- [Task instructions]: Omit the pictures while printing every entry below exactly as given.
** Opening Supplied material block **
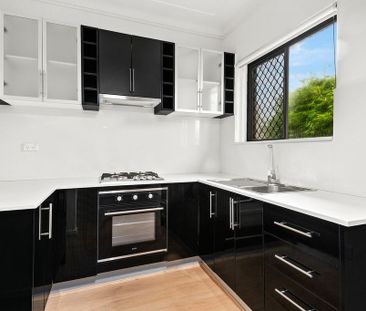 Renovated One-Bedroom Apartment by the Beach - Photo 1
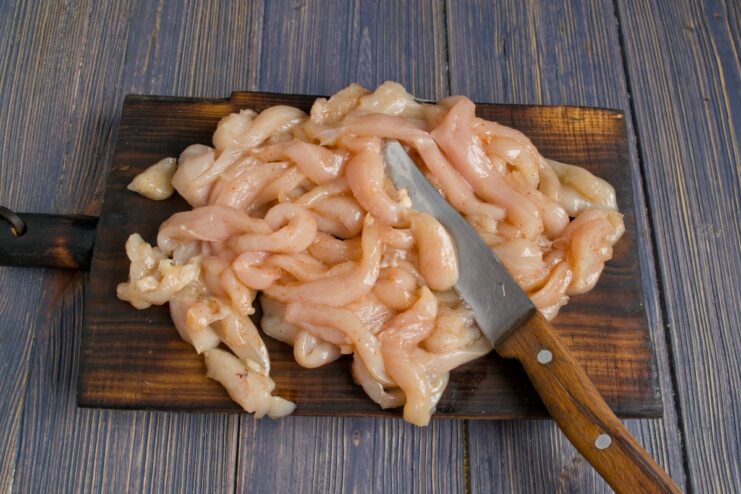Seasoning Chicken for Maximum Flavor Raw chicken fillet strips in a bowl, seasoned with salt and ground paprika.
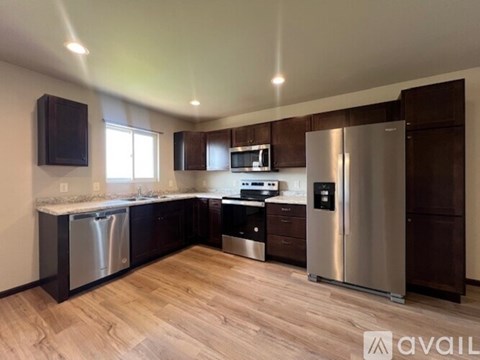 A kitchen with dark wood cabinets and stainless steel appliances.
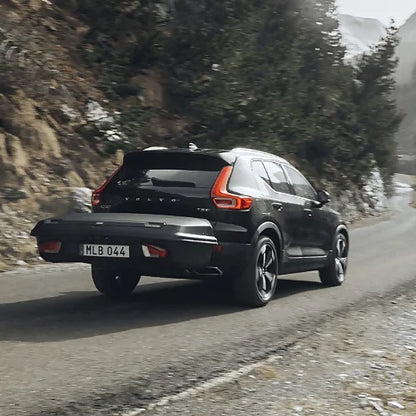 Thule Arcos Platform with cargo box on SUV driving on mountain road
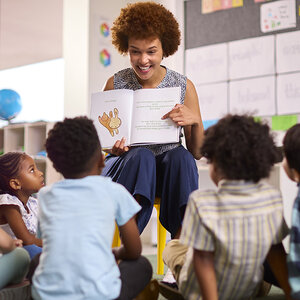 Children learning to read in class.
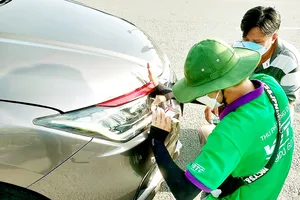 Nhiều tài xế phải dừng xe trên đường cao tốc để dán thẻ  thu phí tự động. Ảnh: HOÀNG BẮC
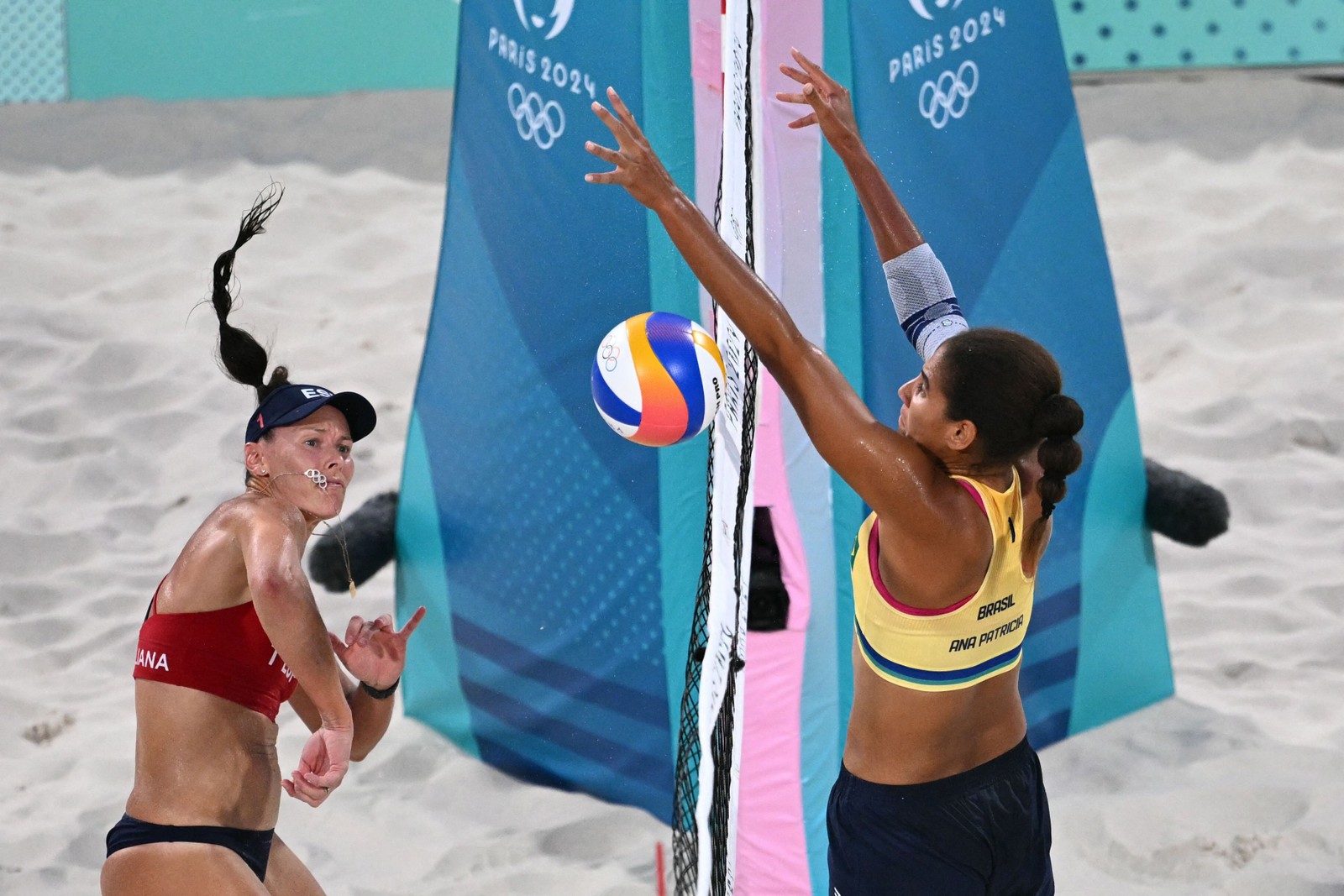 A número 01 da Espanha, Liliana Fernandez Steiner (E), crava a bola enquanto a número 01 do Brasil, Ana Patricia Silva Ramos, bloqueia na piscina feminina. Uma partida de vôlei de praia entre Brasil e Espanha durante os Jogos Olímpicos de Paris 2024 no Estádio da Torre Eiffel, em Paris, em 30 de julho de 2024 — Foto: Kirill KUDRYAVTSEV / AFP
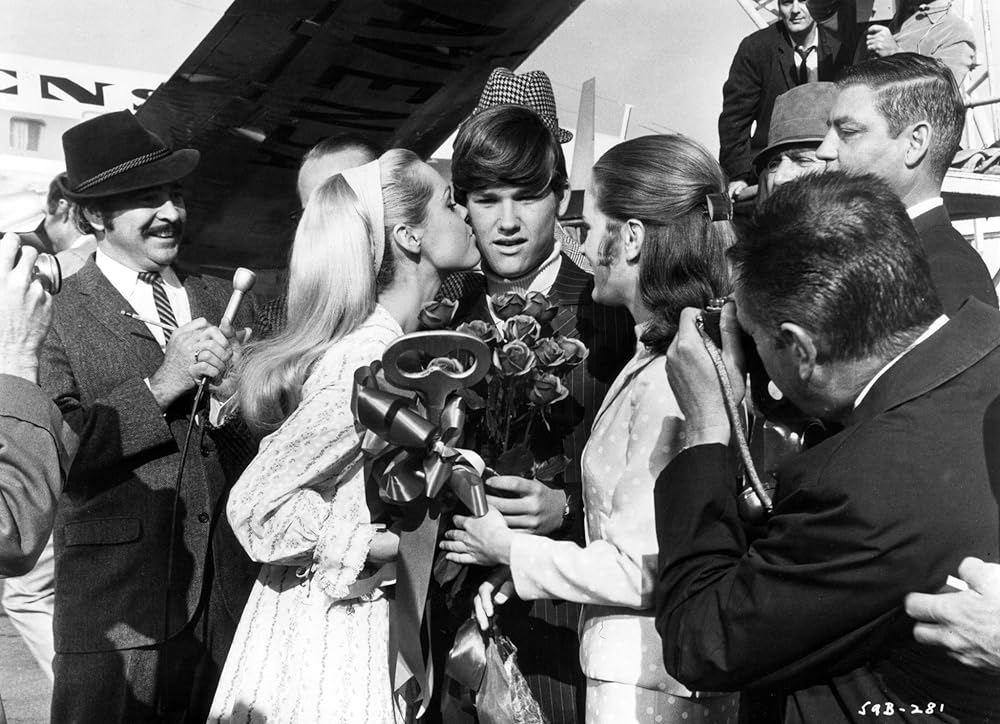 テニス靴をはいたコンピューターの画像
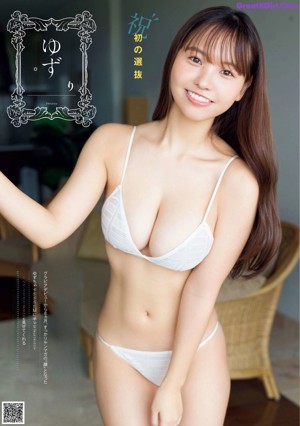 A woman in a red bikini standing on a beach.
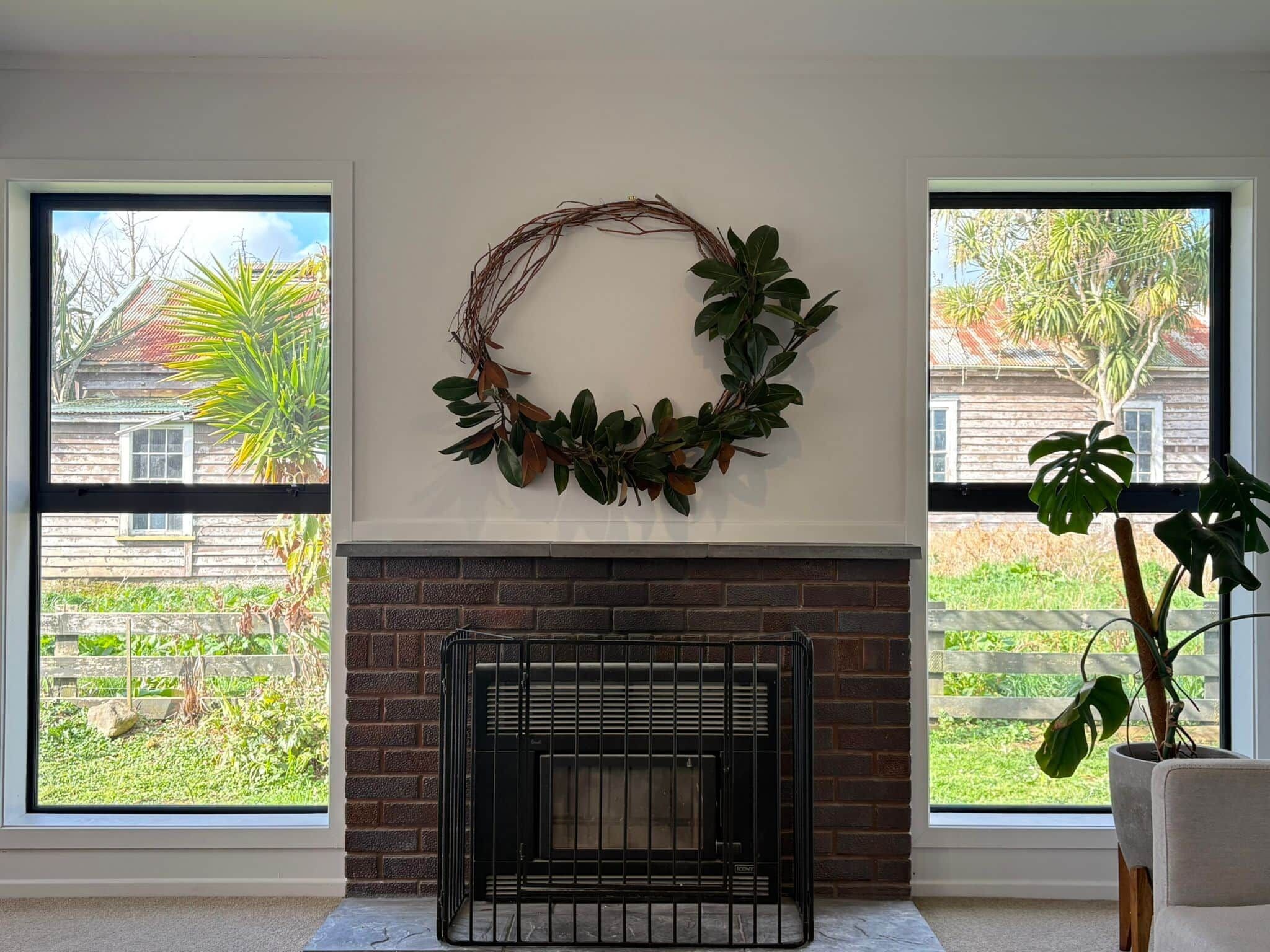 A room with a fireplace, two windows with views of a garden and a house, and a wreath on the wall.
** Closing Supplied material block **
- [Expected output]:
 Renovated One-Bedroom Apartment by the Beach - Photo 1
Seasoning Chicken for Maximum Flavor Raw chicken fillet strips in a bowl, seasoned with salt and ground paprika.
 A kitchen with dark wood cabinets and stainless steel appliances.
 Thule Arcos Platform with cargo box on SUV driving on mountain road
 Children learning to read in class.
 Nhiều tài xế phải dừng xe trên đường cao tốc để dán thẻ  thu phí tự động. Ảnh: HOÀNG BẮC
 A número 01 da Espanha, Liliana Fernandez Steiner (E), crava a bola enquanto a número 01 do Brasil, Ana Patricia Silva Ramos, bloqueia na piscina feminina. Uma partida de vôlei de praia entre Brasil e Espanha durante os Jogos Olímpicos de Paris 2024 no Estádio da Torre Eiffel, em Paris, em 30 de julho de 2024 — Foto: Kirill KUDRYAVTSEV / AFP
 テニス靴をはいたコンピューターの画像
 A woman in a red bikini standing on a beach.
 A room with a fireplace, two windows with views of a garden and a house, and a wreath on the wall.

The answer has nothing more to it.